And whereas Russians have no shortage of terrible scenarios, their lack of optimism prevents them from developing almost any realistic plans for the future. It is not in vogue to ask, "What is to be done?"
But that is strange. It is like a group of hikers who find themselves on a failing suspension bridge and, rather than finding a way out of their predicament, spend their time bickering over who is to blame — the guide blames the people who built the bridge and the hikers blame the guide for having led them into danger.
Nobody offers any ideas on how to avoid disaster or how to recover afterward — or even after a few political corrections to the current course. How can Russia regain the world's confidence? How can this country once again attract investors? How can it build the necessary infrastructure?

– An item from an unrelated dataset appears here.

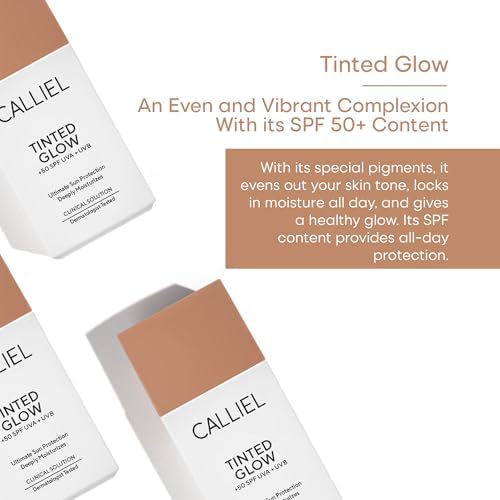Alternative view of Calliel Günlük Renkli Likit Güneş Kremi Hafif Yapı Ton Eşitleyen SPF 50 – 02-50 ml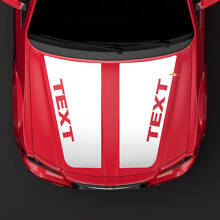 Blackout Custom Motorkap Strepen Vinyl Decal voor Chrysler 300C SRT-8 2005-2010_2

How can Russia avoid falling into the same trap of the last 20 years when corrupt and narrow interests outweighed the common good? How can Russia avoid becoming so backward and marginalized that even its own citizens lose interest in it?
Even the most politically active and clear-thinking youth have no better answer to the question of "What is to be done?" than: "We must replace Putin." The question of how to accomplish that task is almost never discussed. Neither does anyone explain why a leader with a different surname would behave any differently than Putin under the same political circumstances.
But if an answer does come, it is often the disappointingly naive: "Because anyone else is better than Putin." And no attention is given to the question of how to introduce institutional guarantees to prevent even the most well-intentioned reformer from becoming an autocrat, despot and patron of high-level corruption.
I believe that Russians do not have an "escape plan" from their troubles because they have grown accustomed to misfortune. After suffering two national collapses in a single century — in 1917 and 1991 — two world wars and decades of a government that essentially waged war against its own people, Russians now reflexively begin preparing for the end of the world at the least sign of turbulence. Of course, the end of the world is terrible, but at least it does not require people to think about what comes next.
Russia really does have little hope of a bright future, but it is not necessarily headed for doomsday either. All the same, it is time to set aside our infatuation with past suffering and mutual recriminations and focus our efforts on finding an answer to the question: "What is to be done?"